Methods for the HEROES-RECOVER Cohorts have been published previously (1,2,5). Health care personnel, first responders, and other essential and frontline workers in eight U.S. locations across six states were tested weekly for SARS-CoV-2 infection by reverse transcription–polymerase chain reaction (RT-PCR)† and upon the onset of any COVID-19–like illness. Weeks when the Delta variant accounted for ≥50% of viruses sequenced, based on data from each respective location, were defined as weeks of Delta variant predominance. Vaccination was documented by self-report and verified by provision of vaccine cards or extraction from electronic medical records or state immunization registries. Among 4,217 participants, 3,483 (83%) were vaccinated; 2,278 (65%) received Pfizer-BioNTech, 1,138 (33%) Moderna, and 67 (2%) Janssen (Johnson & Johnson) COVID-19 vaccines. Cox proportional hazards models were used to calculate ratios of unvaccinated to fully vaccinated (≥14 days after receipt of all recommended COVID-19 vaccine doses) infection rates, adjusted for occupation, site, and local viral circulation (6), and weighted for inverse probability of vaccination using sociodemographic characteristics, health information, frequency of close social contact, and mask use. This activity was reviewed by CDC and was conducted consistent with applicable federal law and CDC policy.

During the 35-week study period, 4,136 participants with no previous laboratory-documented SARS-CoV-2 infection contributed a median of 20 unvaccinated days per participant (interquartile range [IQR] = 8–45 days; total = 181,357 days), during which 194 SARS-CoV-2 infections were identified;
89.7% of these infections were symptomatic.
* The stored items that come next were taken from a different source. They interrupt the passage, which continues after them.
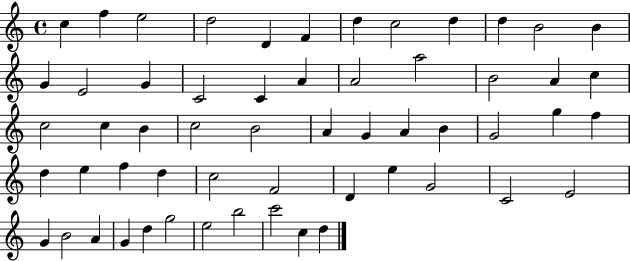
C5/q F5/q E5/h D5/h D4/q F4/q D5/q C5/h D5/q D5/q B4/h B4/q G4/q E4/h G4/q C4/h C4/q A4/q A4/h A5/h B4/h A4/q C5/q C5/h C5/q B4/q C5/h B4/h A4/q G4/q A4/q B4/q G4/h G5/q F5/q D5/q E5/q F5/q D5/q C5/h F4/h D4/q E5/q G4/h C4/h E4/h G4/q B4/h A4/q G4/q D5/q G5/h E5/h B5/h C6/h C5/q D5/q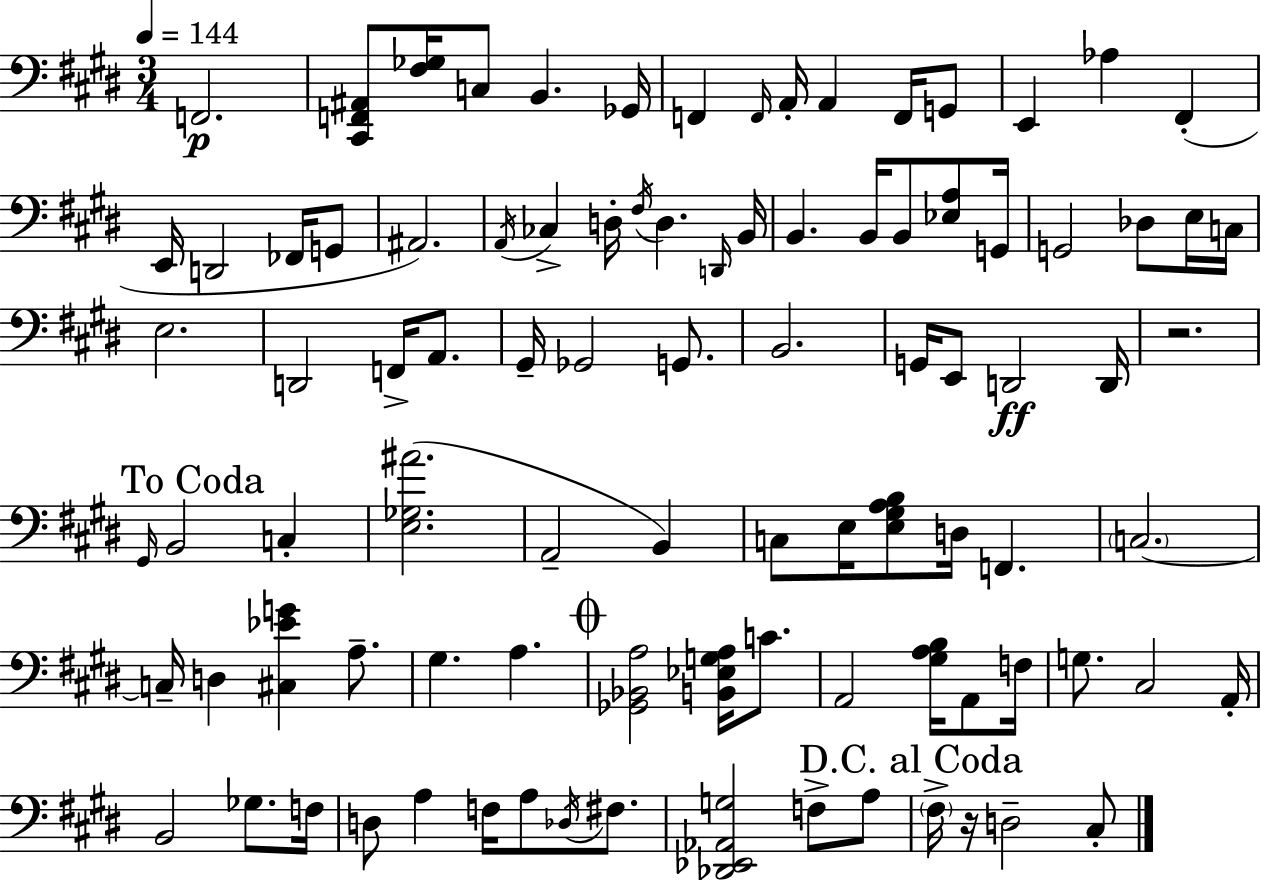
F2/h. [C#2,F2,A#2]/e [F#3,Gb3]/s C3/e B2/q. Gb2/s F2/q F2/s A2/s A2/q F2/s G2/e E2/q Ab3/q F#2/q E2/s D2/h FES2/s G2/e A#2/h. A2/s CES3/q D3/s F#3/s D3/q. D2/s B2/s B2/q. B2/s B2/e [Eb3,A3]/e G2/s G2/h Db3/e E3/s C3/s E3/h. D2/h F2/s A2/e. G#2/s Gb2/h G2/e. B2/h. G2/s E2/e D2/h D2/s R/h. G#2/s B2/h C3/q [E3,Gb3,A#4]/h. A2/h B2/q C3/e E3/s [E3,G#3,A3,B3]/e D3/s F2/q. C3/h. C3/s D3/q [C#3,Eb4,G4]/q A3/e. G#3/q. A3/q. [Gb2,Bb2,A3]/h [B2,Eb3,G3,A3]/s C4/e. A2/h [G#3,A3,B3]/s A2/e F3/s G3/e. C#3/h A2/s B2/h Gb3/e. F3/s D3/e A3/q F3/s A3/e Db3/s F#3/e. [Db2,Eb2,Ab2,G3]/h F3/e A3/e F#3/s R/s D3/h C#3/e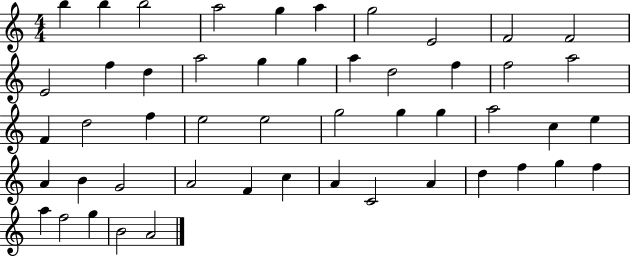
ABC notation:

X:1
T:Untitled
M:4/4
L:1/4
K:C
b b b2 a2 g a g2 E2 F2 F2 E2 f d a2 g g a d2 f f2 a2 F d2 f e2 e2 g2 g g a2 c e A B G2 A2 F c A C2 A d f g f a f2 g B2 A2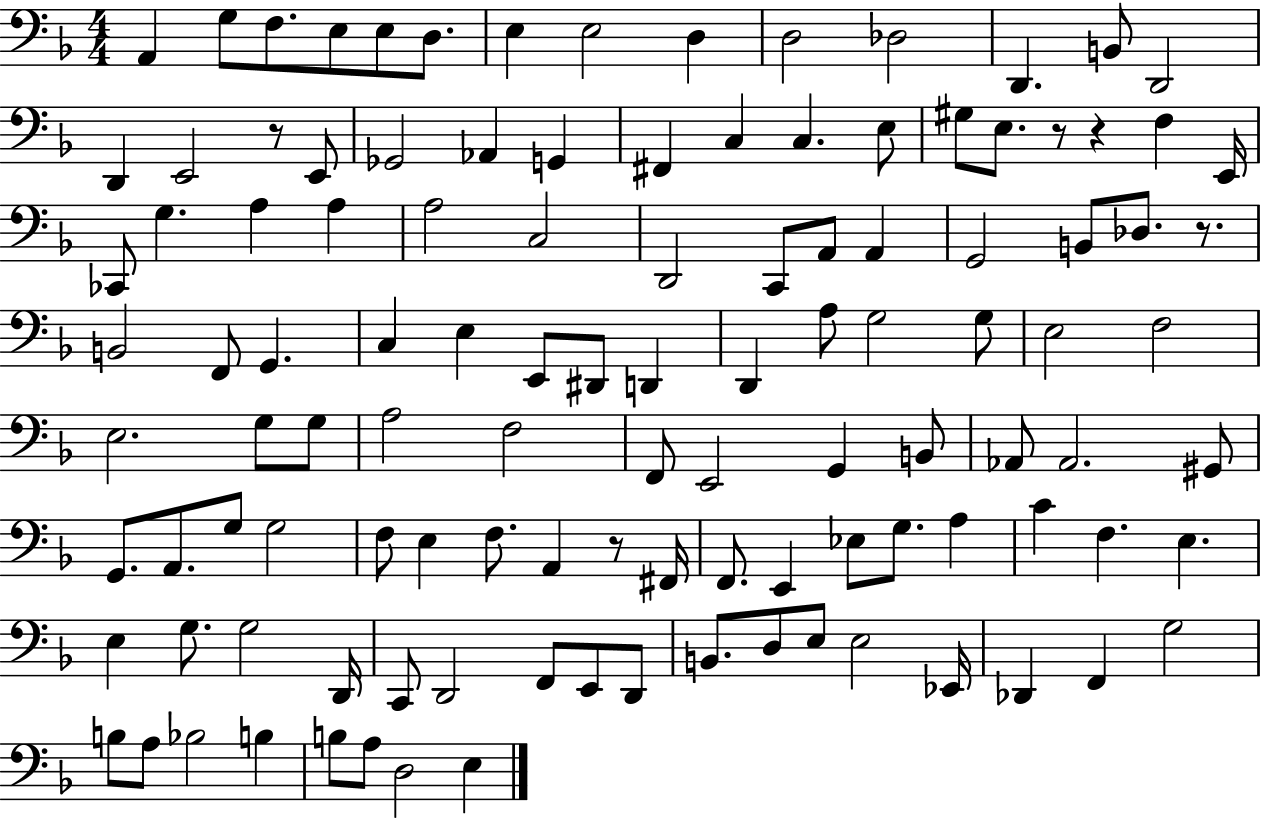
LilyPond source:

{
  \clef bass
  \numericTimeSignature
  \time 4/4
  \key f \major
  \repeat volta 2 { a,4 g8 f8. e8 e8 d8. | e4 e2 d4 | d2 des2 | d,4. b,8 d,2 | \break d,4 e,2 r8 e,8 | ges,2 aes,4 g,4 | fis,4 c4 c4. e8 | gis8 e8. r8 r4 f4 e,16 | \break ces,8 g4. a4 a4 | a2 c2 | d,2 c,8 a,8 a,4 | g,2 b,8 des8. r8. | \break b,2 f,8 g,4. | c4 e4 e,8 dis,8 d,4 | d,4 a8 g2 g8 | e2 f2 | \break e2. g8 g8 | a2 f2 | f,8 e,2 g,4 b,8 | aes,8 aes,2. gis,8 | \break g,8. a,8. g8 g2 | f8 e4 f8. a,4 r8 fis,16 | f,8. e,4 ees8 g8. a4 | c'4 f4. e4. | \break e4 g8. g2 d,16 | c,8 d,2 f,8 e,8 d,8 | b,8. d8 e8 e2 ees,16 | des,4 f,4 g2 | \break b8 a8 bes2 b4 | b8 a8 d2 e4 | } \bar "|."
}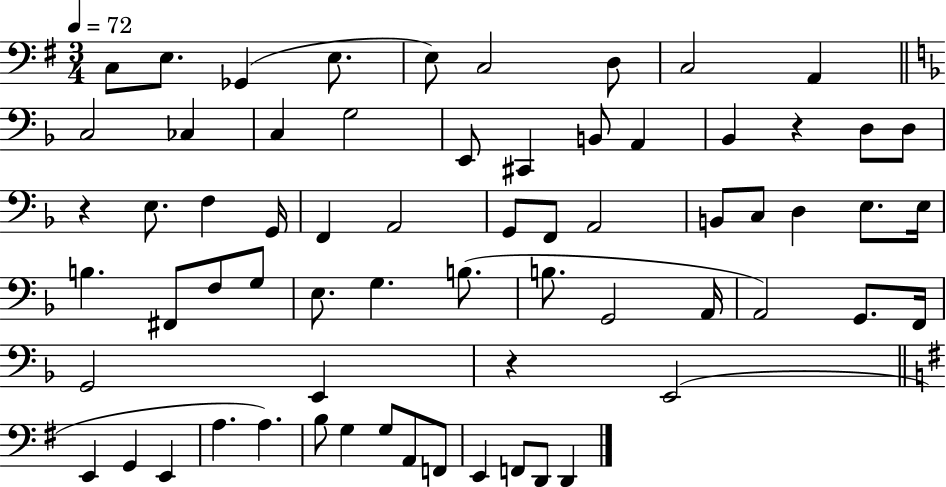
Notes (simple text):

C3/e E3/e. Gb2/q E3/e. E3/e C3/h D3/e C3/h A2/q C3/h CES3/q C3/q G3/h E2/e C#2/q B2/e A2/q Bb2/q R/q D3/e D3/e R/q E3/e. F3/q G2/s F2/q A2/h G2/e F2/e A2/h B2/e C3/e D3/q E3/e. E3/s B3/q. F#2/e F3/e G3/e E3/e. G3/q. B3/e. B3/e. G2/h A2/s A2/h G2/e. F2/s G2/h E2/q R/q E2/h E2/q G2/q E2/q A3/q. A3/q. B3/e G3/q G3/e A2/e F2/e E2/q F2/e D2/e D2/q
A total of 2,976 participants contributed a median of 177 fully vaccinated days (IQR = 115–195 days; total = 455,175 days) with 34 infections, 80.6% of which were symptomatic. Adjusted VE against SARS-CoV-2 infection was 80% (95% confidence interval [CI] = 69%–88%). The VE point estimate was 85% among participants for whom <120 days had elapsed since completion of full vaccination compared with 73% among those for whom ≥150 days had elapsed; however the VE 95% CI were overlapping, indicating the difference was not statistically significant (Table).
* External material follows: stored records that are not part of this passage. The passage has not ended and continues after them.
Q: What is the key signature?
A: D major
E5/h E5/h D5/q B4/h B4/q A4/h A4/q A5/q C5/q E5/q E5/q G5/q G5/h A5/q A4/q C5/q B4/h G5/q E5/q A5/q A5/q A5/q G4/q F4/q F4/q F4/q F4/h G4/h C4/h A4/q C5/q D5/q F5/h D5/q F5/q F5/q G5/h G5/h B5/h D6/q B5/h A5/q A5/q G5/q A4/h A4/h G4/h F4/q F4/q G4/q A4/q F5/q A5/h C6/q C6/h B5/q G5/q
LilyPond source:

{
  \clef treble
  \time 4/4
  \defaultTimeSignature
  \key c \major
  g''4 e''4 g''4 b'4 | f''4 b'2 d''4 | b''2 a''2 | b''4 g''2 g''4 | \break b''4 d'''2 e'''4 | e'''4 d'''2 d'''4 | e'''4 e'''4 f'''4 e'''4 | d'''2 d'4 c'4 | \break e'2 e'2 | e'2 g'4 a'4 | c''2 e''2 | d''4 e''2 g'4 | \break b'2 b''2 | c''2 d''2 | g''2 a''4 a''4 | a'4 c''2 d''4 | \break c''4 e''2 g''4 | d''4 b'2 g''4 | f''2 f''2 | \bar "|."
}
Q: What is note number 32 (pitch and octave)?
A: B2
During Delta variant–predominant weeks at study sites, 488 unvaccinated participants contributed a median of 43 days (IQR = 37–69 days; total = 24,871 days) with 19 SARS-CoV-2 infections (94.7% symptomatic); 2,352 fully vaccinated participants contributed a median of 49 days (IQR = 35–56 days; total = 119,218 days) with 24 SARS-CoV-2 infections (75.0% symptomatic). Adjusted VE during this Delta predominant period was 66% (95% CI = 26%–84%) compared with 91% (95% CI = 81%–96%) during the months preceding Delta predominance. During December 14, 2020–August 14, 2021, full vaccination with COVID-19 vaccines was 80% effective in preventing RT-PCR–confirmed SARS-CoV-2 infection among frontline workers, further affirming the highly protective benefit of full vaccination up to and through the most recent summer U.S. COVID-19 pandemic waves. The VE point estimates declined from 91% before predominance of the SARS-CoV-2 Delta variant to 66% since the SARS-CoV-2 Delta variant became predominant at the HEROES-RECOVER cohort study sites; however, this trend should be interpreted with caution because VE might also be declining as time since vaccination increases and because of poor precision in estimates due to limited number of weeks of observation and few infections among participants. As with all observational VE studies, unmeasured and residual confounding might be present. Active surveillance through the cohort is ongoing and VE estimates will be monitored continuously. Although these interim findings suggest a moderate reduction in the effectiveness of COVID-19 vaccines in preventing infection, the sustained two thirds reduction in infection risk underscores the continued importance and benefits of COVID-19 vaccination.